[Short text fragments from websites]

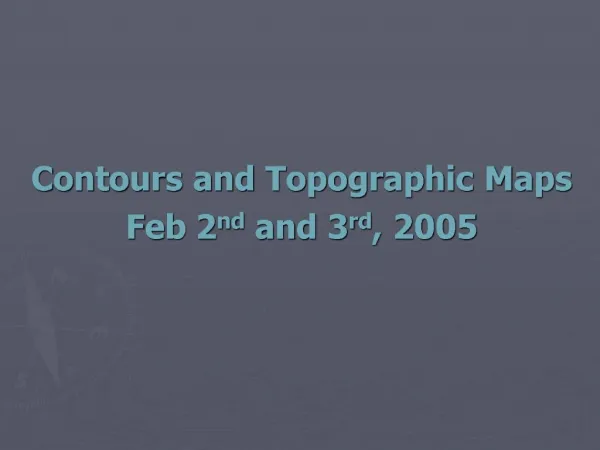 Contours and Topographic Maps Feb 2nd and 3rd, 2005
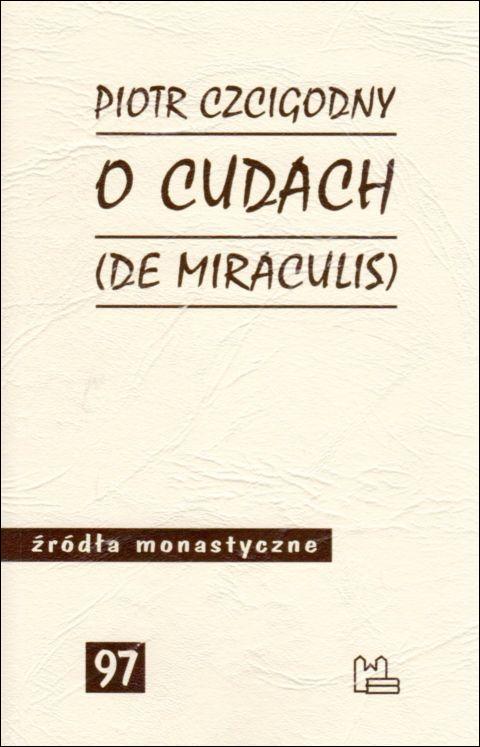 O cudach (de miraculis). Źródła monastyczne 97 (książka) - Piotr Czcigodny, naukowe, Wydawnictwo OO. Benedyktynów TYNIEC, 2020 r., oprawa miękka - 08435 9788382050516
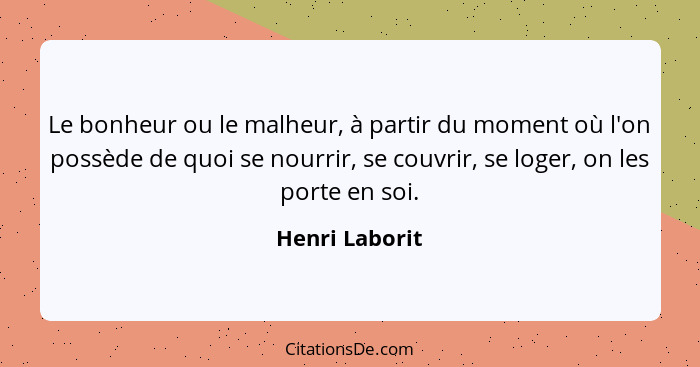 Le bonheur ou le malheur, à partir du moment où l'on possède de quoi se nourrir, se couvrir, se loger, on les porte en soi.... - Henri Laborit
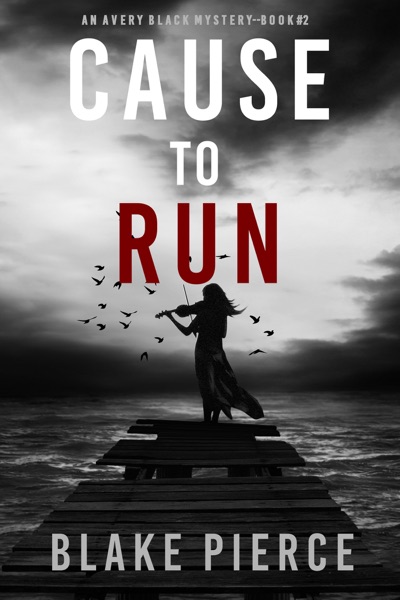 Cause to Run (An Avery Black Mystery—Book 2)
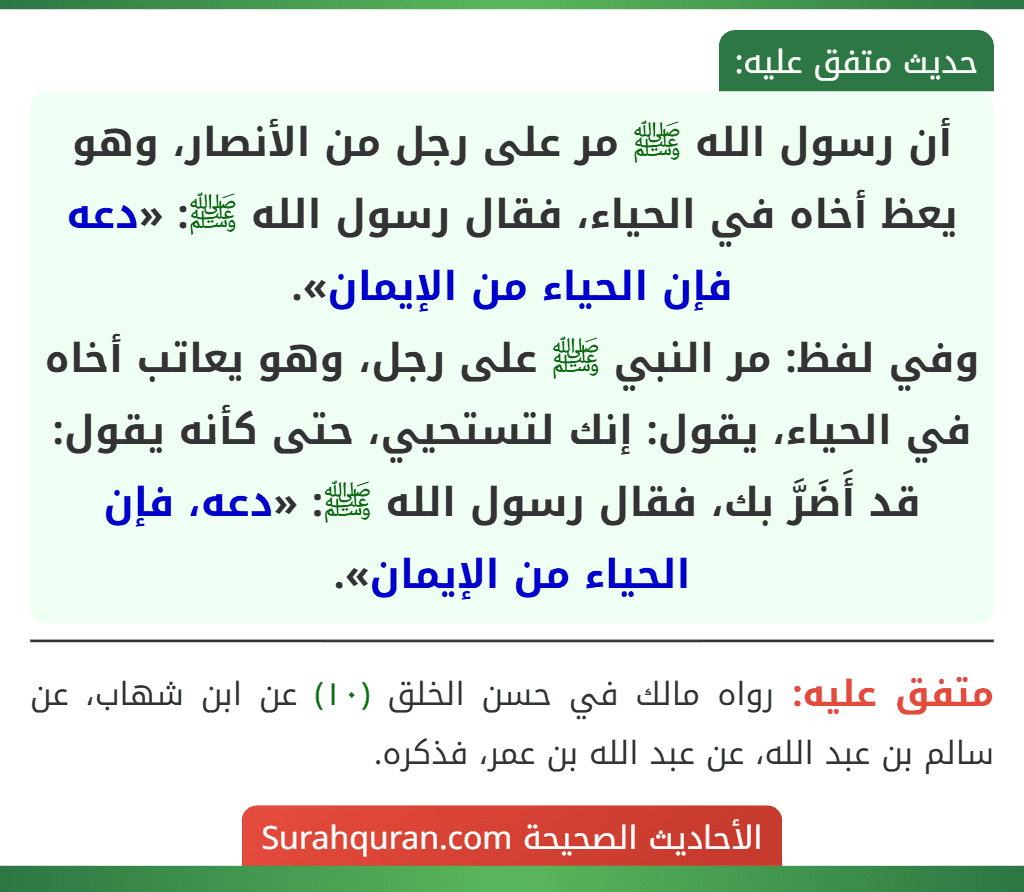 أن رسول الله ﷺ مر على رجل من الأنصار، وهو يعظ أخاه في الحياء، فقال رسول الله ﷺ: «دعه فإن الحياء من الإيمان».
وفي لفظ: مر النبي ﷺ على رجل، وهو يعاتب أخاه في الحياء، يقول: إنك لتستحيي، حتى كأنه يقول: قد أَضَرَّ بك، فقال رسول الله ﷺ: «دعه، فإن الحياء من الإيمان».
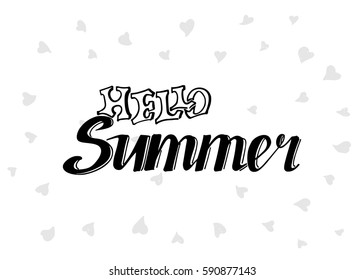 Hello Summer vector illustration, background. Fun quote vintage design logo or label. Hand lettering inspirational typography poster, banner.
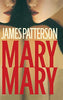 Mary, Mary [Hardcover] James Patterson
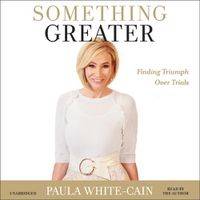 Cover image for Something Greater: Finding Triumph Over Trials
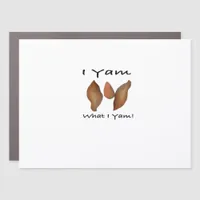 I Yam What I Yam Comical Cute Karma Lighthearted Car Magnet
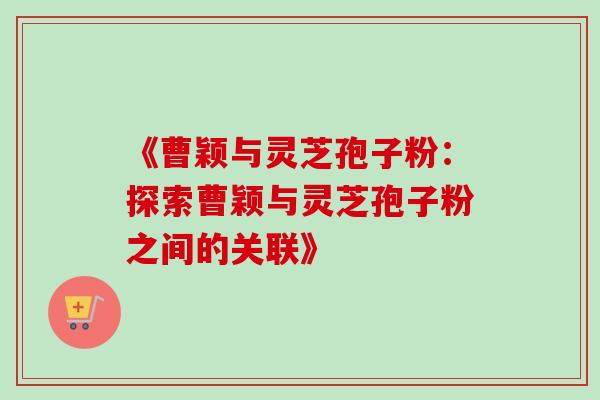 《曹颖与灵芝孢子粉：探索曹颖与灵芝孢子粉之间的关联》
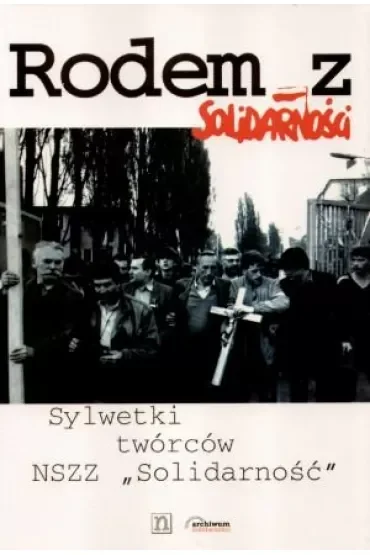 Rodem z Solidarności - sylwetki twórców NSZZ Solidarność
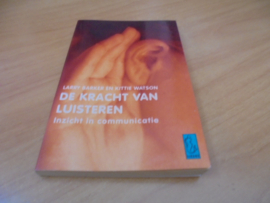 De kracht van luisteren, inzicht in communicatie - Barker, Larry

What you have to do: Every line above between the one containing "Le bonheur ou" and the one containing "Hello Summer vector", those two included, is to be printed exactly. No pictures go into the copy.

Solution to this exercise:
 Le bonheur ou le malheur, à partir du moment où l'on possède de quoi se nourrir, se couvrir, se loger, on les porte en soi.... - Henri Laborit
 Cause to Run (An Avery Black Mystery—Book 2)
 أن رسول الله ﷺ مر على رجل من الأنصار، وهو يعظ أخاه في الحياء، فقال رسول الله ﷺ: «دعه فإن الحياء من الإيمان».
وفي لفظ: مر النبي ﷺ على رجل، وهو يعاتب أخاه في الحياء، يقول: إنك لتستحيي، حتى كأنه يقول: قد أَضَرَّ بك، فقال رسول الله ﷺ: «دعه، فإن الحياء من الإيمان».
 Hello Summer vector illustration, background. Fun quote vintage design logo or label. Hand lettering inspirational typography poster, banner.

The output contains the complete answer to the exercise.